The fourth of the book of Isaiah’s so-called ‘servant songs’ is the most dark-hued among them.
Thus says the Lord: ‘Where is your mother’s certificate of divorce, with which I sent her away? Or which of my creditors is it to whom I have sold you? Behold, for your iniquities you were sold, and for your transgressions your mother was sent away. Why, when I came, was there no man; why, when I called, was there no one to answer? Is my hand shortened, that it cannot redeem? Or have I no power to deliver? Behold, by my rebuke I dry up the sea, I make the rivers a desert; their fish stink for lack of water and die of thirst. I clothe the heavens with blackness and make sackcloth their covering.’
The Lord God has given me the tongue of those who are taught, that I may know how to sustain with a word him who is weary. Morning by morning he awakens; he awakens my ear to hear as those who are taught. The Lord God has opened my ear, and I was not rebellious; I turned not backward. I gave my back to those who strike, and my cheeks to those who pull out the beard; I hid not my face from disgrace and spitting.
But the Lord God helps me; therefore I have not been disgraced; therefore I have set my face like a flint, and I know that I shall not be put to shame. He who vindicates me is near. Who will contend with me? Let us stand up together. Who is my adversary? Let him come near to me. Behold, the Lord God helps me; who will declare me guilty? Behold, all of them will wear out like a garment; the moth will eat them up.
Who among you fears the Lord and obeys the voice of his servant? Let him who walks in darkness and has no light trust in the name of the Lord and rely on his God. Behold, all you who kindle a fire, who equip yourselves with burning torches! Walk by the light of your fire, and by the torches that you have kindled! This you have from my hand: you shall lie down in torment.’ (Isaiah 50:1–11 ESV)

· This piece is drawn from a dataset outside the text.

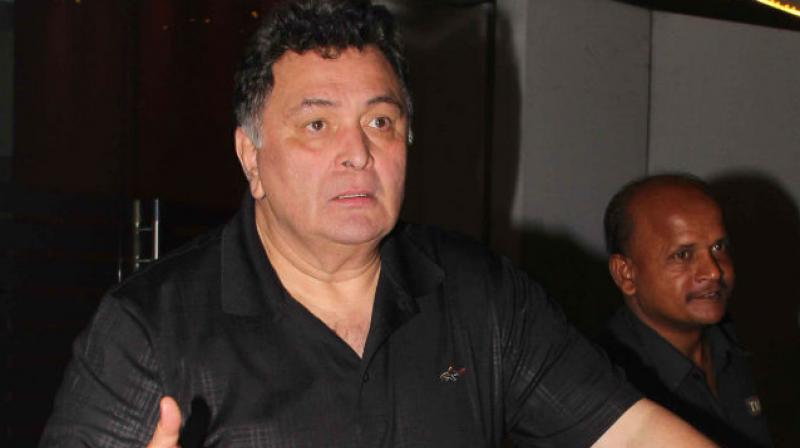 Rishi Kapoor. Rishi Kapoor.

I want to call out two details—meaningful points of connection—that show how this ‘song’ interrelates with the wider dilemma of Judah/Israel as Isaiah understands it.
First, the text refuses to loose its grip on ‘the weary’, although the referent to which this descriptor attaches varies. Here, the servant declares YHWH’s provision to him of a capacity for speech with that end ‘that I may know how to sustain with a word him who is weary‘.
This adds both light and shadows to questions of identity, for it is self-evidently the Judahite captives who are to be delivered from weariness or, better said, restored and refreshed so that weariness might not define them. Here, the servant himself—so recently declared to be Jacob/Israel—appears to stand outside of that remnant’s experience and to speak life and vigor into it. In this song, the text allows that weariness does indeed touch the life of the people. Yet the servant’s word sustains the weary so that he or they might not succumb.
Second, there is additional connection with Judah/Israel’s experience, in the way that a photograph and its negative correspond. For example, the prophet’s famous commissioning in chapter six contemplates both the judicial deafening and the punitive blinding of the people. Having chosen not to take in knowledge and understanding, they are now given over to the extremity of their chosen logic. The prophet is commissioned to bring that judgement to bear.
Here, however, the servant declares that ‘morning by morning (YHWH) awakens, he awakens my ear to hear as those who are taught‘. The contrast is almost startling. YHWH is earlier the causative agent of the people’s loss of hearing, and then here of the servant’s capacity to listen and to learn.
Additional details of the servant’s self-description continue this contrastive relationship with the people as we have known them in the condemnatory passages that multiply in the first part of the book. The following claim is worthy of particular attention:
I was not rebellious (מרה); I turned not backward (אחור לא נסוגתי).
The Hebrew verb used here of the servant’s refusal to rebel against YHWH’s hard commission (מרה) abounds in descriptions of the people’s waywardness. Here, the servant refuses to be like them. The juxtaposed contrast cannot be unintentional.
Similarly, the two key words in the servant’s declaration that ‘I turned (סוג) not backward (אחור)’ become a virtual sub-dialect of rebellion for the duration of the book’s long literary journey. The ‘sinful people’, idolators, and—significantly—justice itself are said to turn back.
The servant, however does not. The book claims that, quite unlike Israel/Judah, this figure neither rebels not turns backward from the difficult way that is set by YHWH for him.
At the same time, he speaks refreshingly to the weary among the people.
We shall see evidence of the servant’s intimate proximity with YHWH himself, as one aspect of his being and his call. But already in the ‘servant songs’, we see—on the other horizon of his existence—that he both becomes and speaks into the life of a weary remnant that is bound for better things. Yet, close as this identification with the people or some subset of that people is, the servant refuses to be hobbled by the recalcitrant willfulness that has separated Israel/Judah from the Creator who would become that nation’s Redeemer.
Growing clarity and abundant enigma continue to flow simultaneously through the book’s description of this puzzling figure.